··· RECORDS PROVIDED ···

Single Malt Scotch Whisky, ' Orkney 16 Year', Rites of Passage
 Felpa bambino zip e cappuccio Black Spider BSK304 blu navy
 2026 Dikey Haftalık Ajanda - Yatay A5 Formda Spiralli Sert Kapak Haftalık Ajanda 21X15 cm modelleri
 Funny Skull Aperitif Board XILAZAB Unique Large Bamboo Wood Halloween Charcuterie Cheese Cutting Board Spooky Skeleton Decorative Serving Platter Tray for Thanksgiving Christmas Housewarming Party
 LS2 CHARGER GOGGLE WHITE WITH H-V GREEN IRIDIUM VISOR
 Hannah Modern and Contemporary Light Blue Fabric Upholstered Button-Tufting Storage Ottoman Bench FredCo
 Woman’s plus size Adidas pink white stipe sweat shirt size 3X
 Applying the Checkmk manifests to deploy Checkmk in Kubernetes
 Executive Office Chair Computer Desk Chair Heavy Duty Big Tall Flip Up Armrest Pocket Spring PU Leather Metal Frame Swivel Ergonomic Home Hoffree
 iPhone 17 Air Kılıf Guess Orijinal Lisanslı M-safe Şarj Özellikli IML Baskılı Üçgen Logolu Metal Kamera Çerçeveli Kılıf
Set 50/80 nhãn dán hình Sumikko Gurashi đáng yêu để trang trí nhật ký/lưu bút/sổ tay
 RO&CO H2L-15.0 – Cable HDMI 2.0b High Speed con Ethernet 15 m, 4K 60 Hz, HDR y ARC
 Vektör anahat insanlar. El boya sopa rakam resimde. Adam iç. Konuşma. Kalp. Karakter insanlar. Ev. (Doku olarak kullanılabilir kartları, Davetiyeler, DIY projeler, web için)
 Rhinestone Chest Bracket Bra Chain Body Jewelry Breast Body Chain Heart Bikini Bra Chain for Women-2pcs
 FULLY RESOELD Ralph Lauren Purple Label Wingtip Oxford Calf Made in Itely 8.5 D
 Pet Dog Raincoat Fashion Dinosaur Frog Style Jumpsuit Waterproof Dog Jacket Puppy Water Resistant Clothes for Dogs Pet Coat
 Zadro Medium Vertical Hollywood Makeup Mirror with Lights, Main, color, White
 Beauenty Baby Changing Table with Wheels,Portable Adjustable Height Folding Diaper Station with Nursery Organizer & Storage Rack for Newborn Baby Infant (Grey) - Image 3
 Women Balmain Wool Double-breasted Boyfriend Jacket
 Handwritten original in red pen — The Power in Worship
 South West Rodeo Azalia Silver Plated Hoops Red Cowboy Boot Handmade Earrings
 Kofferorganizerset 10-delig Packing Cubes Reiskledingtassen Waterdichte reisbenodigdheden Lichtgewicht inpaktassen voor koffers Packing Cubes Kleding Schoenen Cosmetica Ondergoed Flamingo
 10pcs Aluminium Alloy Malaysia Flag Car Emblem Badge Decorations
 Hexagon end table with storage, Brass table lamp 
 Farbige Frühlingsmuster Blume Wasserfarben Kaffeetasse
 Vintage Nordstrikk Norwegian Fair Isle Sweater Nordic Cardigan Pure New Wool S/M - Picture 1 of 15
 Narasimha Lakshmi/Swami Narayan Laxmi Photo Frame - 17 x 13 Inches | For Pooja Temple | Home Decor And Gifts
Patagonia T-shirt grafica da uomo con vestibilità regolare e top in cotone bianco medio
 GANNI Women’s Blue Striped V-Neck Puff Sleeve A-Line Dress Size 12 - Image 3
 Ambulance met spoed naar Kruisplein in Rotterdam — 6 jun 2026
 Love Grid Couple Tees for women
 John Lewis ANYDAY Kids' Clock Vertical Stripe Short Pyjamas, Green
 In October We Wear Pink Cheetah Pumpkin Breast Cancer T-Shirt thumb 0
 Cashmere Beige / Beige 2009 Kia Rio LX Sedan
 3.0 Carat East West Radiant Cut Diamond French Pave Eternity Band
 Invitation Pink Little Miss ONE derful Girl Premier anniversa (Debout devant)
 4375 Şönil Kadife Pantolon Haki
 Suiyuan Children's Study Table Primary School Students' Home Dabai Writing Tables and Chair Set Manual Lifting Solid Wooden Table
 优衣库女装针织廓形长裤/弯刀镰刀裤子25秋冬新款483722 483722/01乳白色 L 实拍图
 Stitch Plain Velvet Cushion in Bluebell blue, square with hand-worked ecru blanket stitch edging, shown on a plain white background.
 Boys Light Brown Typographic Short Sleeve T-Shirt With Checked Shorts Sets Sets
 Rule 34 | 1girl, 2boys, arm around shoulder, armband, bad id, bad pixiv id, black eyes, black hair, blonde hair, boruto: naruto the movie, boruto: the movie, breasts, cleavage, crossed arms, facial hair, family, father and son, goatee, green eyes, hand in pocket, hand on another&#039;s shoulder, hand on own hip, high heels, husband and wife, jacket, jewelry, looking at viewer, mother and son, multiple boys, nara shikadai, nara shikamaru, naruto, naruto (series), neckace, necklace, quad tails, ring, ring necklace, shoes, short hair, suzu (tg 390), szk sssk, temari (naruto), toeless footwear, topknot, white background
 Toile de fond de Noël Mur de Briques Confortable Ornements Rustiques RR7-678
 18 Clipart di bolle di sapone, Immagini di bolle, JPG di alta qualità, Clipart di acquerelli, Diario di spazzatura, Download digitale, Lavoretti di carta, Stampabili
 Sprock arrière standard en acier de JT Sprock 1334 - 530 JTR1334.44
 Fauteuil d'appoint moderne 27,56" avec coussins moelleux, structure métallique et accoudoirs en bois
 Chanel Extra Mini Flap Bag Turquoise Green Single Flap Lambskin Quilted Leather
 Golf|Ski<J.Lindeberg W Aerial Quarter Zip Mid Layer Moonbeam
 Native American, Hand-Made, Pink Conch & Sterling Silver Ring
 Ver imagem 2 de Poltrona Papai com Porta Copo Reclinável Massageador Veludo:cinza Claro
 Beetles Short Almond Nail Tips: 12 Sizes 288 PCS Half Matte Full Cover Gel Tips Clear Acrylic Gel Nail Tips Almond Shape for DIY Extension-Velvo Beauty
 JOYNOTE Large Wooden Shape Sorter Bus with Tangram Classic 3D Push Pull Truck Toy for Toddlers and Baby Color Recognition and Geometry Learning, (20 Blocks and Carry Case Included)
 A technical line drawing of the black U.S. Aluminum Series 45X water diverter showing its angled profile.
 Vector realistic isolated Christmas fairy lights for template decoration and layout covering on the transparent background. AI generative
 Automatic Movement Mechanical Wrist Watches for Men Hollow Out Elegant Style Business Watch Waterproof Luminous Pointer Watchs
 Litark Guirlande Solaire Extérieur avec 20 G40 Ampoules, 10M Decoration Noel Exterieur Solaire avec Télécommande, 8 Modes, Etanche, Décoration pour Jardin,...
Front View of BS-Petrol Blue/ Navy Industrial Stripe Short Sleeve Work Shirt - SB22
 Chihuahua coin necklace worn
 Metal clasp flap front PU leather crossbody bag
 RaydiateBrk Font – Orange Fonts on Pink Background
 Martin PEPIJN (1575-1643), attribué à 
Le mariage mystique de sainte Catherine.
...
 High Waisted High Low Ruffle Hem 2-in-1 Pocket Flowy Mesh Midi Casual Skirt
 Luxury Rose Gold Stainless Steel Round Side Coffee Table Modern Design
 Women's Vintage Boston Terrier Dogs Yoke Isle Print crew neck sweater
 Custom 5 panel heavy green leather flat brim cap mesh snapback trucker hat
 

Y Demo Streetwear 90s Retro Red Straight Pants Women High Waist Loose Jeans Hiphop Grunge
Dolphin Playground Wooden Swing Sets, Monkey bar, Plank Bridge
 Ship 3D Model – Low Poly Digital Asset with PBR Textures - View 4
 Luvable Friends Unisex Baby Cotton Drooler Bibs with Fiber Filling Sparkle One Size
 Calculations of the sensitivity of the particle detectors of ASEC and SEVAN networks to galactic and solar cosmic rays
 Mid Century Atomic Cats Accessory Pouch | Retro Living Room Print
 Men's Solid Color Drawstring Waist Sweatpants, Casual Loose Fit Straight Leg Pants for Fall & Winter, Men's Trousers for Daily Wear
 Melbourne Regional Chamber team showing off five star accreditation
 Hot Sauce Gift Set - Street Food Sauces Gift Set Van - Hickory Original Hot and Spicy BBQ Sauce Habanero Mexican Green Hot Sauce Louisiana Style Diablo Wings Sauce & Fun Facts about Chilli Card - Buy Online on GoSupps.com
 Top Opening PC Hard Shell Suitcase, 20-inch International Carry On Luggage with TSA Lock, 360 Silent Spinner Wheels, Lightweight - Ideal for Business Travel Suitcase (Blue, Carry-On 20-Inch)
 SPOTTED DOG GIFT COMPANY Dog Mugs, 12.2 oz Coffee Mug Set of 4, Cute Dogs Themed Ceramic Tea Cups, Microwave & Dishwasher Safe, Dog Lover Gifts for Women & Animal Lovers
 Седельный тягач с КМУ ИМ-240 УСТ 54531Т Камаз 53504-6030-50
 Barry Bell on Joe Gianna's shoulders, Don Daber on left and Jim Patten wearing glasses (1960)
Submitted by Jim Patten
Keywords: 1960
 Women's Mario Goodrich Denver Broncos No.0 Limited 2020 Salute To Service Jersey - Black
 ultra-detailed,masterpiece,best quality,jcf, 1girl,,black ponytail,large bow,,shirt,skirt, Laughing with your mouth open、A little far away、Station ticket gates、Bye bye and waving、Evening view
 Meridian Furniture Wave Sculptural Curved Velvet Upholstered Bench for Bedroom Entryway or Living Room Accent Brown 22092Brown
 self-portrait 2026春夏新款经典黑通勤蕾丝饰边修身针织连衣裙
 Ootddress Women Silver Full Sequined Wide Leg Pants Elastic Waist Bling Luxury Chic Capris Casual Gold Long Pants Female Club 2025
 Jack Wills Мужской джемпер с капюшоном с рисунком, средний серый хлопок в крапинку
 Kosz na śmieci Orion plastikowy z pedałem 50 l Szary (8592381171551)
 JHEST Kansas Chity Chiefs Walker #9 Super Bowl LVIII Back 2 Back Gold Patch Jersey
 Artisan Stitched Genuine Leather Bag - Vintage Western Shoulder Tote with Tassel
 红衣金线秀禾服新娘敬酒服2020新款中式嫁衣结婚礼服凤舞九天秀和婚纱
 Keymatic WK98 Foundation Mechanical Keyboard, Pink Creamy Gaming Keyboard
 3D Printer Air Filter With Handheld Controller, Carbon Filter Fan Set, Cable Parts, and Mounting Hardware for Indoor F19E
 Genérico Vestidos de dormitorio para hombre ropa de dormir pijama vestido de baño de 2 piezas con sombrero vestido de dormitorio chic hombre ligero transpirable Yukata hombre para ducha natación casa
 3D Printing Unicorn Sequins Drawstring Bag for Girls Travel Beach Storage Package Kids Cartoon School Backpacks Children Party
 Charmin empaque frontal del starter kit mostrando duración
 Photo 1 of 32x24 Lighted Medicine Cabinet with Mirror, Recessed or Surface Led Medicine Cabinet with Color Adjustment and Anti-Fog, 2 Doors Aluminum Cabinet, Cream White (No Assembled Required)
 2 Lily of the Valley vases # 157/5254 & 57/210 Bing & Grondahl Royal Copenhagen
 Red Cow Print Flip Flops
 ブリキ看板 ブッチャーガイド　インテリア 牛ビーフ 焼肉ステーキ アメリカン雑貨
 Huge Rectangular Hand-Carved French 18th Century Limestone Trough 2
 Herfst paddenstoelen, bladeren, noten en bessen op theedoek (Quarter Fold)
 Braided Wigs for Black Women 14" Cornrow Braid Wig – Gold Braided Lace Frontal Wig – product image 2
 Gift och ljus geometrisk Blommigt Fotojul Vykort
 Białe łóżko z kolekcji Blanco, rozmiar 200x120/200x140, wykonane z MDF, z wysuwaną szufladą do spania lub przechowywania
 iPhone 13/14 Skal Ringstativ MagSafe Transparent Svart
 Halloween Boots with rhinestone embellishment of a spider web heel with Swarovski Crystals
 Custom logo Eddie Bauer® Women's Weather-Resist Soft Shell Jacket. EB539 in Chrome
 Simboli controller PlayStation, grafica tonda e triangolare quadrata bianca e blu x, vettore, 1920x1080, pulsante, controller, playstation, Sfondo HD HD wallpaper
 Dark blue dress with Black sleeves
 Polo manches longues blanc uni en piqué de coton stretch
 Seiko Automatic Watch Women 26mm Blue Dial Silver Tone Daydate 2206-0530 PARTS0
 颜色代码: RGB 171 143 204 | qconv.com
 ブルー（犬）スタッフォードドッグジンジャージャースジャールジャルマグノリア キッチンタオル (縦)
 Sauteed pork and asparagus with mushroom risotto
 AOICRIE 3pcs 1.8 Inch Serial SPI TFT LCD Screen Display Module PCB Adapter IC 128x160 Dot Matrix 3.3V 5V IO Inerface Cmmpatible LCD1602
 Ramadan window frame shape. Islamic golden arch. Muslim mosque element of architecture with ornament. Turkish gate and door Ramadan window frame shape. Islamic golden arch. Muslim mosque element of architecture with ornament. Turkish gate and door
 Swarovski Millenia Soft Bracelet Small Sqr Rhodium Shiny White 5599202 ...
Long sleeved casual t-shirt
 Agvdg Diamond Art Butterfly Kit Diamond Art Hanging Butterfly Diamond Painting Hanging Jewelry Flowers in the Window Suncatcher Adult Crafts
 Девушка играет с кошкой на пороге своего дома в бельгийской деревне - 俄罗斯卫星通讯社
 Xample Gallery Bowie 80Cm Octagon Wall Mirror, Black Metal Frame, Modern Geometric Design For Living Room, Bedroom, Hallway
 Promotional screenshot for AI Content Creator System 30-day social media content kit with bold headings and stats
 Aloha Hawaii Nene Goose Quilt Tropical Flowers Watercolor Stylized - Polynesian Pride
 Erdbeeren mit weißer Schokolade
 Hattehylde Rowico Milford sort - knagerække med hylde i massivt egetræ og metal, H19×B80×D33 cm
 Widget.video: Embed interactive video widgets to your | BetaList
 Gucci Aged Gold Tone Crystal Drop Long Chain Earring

···

REQUIRED WORK -> Give an exact copy of the lines above, from the top of the records to the line that contains "Vektör anahat insanlar.", taking in both ends.

ANSWER SPACE ->
Single Malt Scotch Whisky, ' Orkney 16 Year', Rites of Passage
 Felpa bambino zip e cappuccio Black Spider BSK304 blu navy
 2026 Dikey Haftalık Ajanda - Yatay A5 Formda Spiralli Sert Kapak Haftalık Ajanda 21X15 cm modelleri
 Funny Skull Aperitif Board XILAZAB Unique Large Bamboo Wood Halloween Charcuterie Cheese Cutting Board Spooky Skeleton Decorative Serving Platter Tray for Thanksgiving Christmas Housewarming Party
 LS2 CHARGER GOGGLE WHITE WITH H-V GREEN IRIDIUM VISOR
 Hannah Modern and Contemporary Light Blue Fabric Upholstered Button-Tufting Storage Ottoman Bench FredCo
 Woman’s plus size Adidas pink white stipe sweat shirt size 3X
 Applying the Checkmk manifests to deploy Checkmk in Kubernetes
 Executive Office Chair Computer Desk Chair Heavy Duty Big Tall Flip Up Armrest Pocket Spring PU Leather Metal Frame Swivel Ergonomic Home Hoffree
 iPhone 17 Air Kılıf Guess Orijinal Lisanslı M-safe Şarj Özellikli IML Baskılı Üçgen Logolu Metal Kamera Çerçeveli Kılıf
Set 50/80 nhãn dán hình Sumikko Gurashi đáng yêu để trang trí nhật ký/lưu bút/sổ tay
 RO&CO H2L-15.0 – Cable HDMI 2.0b High Speed con Ethernet 15 m, 4K 60 Hz, HDR y ARC
 Vektör anahat insanlar. El boya sopa rakam resimde. Adam iç. Konuşma. Kalp. Karakter insanlar. Ev. (Doku olarak kullanılabilir kartları, Davetiyeler, DIY projeler, web için)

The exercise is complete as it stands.